I need to extract all links from web page.So I Use Mechanize Module for extracting link.I extract all links if Source is in tag for example

<a href=...> <area href=...> <frame src=...> <iframe src=...> <link href=...> <meta content=...>

Because In Mechanize module they defined these tag.so I extract all the links.But I could not extract one link from source .Source is like "location='http://www.loopnet.com/looplink/lund/qryradio.aspx".For that no definition in that module.i want to extract that link

This is my code

use strict; use WWW::Mechanize; my $mech = WWW::Mechanize->new(); $mech->get("any url"); my @links = $mech->links(); for my $link (@links) { printf "%s\n",$link->url; }

Help me in this problem to solve

Regards,

Senthil

Replies are listed 'Best First'.
Re: Link Extracter using Mechanizemodule
by Corion (Patriarch) on Aug 26, 2011 at 07:10 UTC

    HTML has no location attribute.
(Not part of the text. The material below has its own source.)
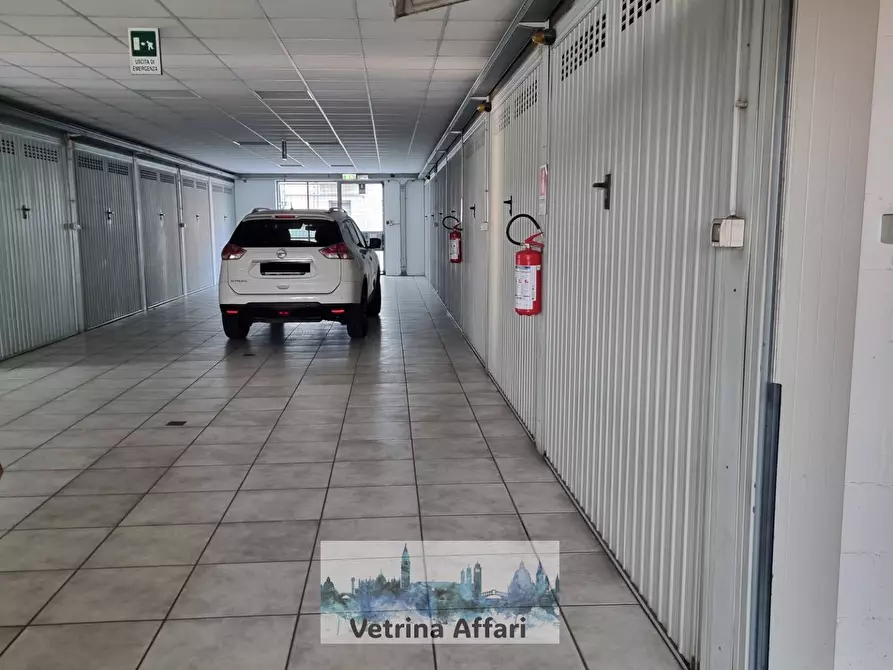 Immagine 1 di Box auto in vendita  in via ca marcello 4 a Venezia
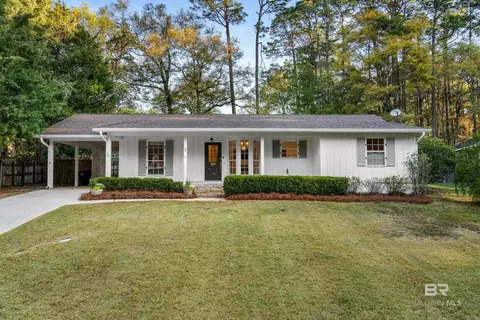 9 Azalea Ct, Fairhope, AL 36532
It is quite unclear to me what kind of tag you are trying to extract. Please show a short (5 lines) HTML example (in <code>...</code> tags) that shows the tag from which you want to extract the link.

        Then you will need to inspect what ->content gives you and use regular expressions. The link methods of WWW::Mechanize do not deal with arbitrary (unlinked) URLs. They only extract certain tags.

        Take a look at HTML::Tree::Scanning. Using HTML::TreeBuilder and the look_down method mentioned in the article works well for me.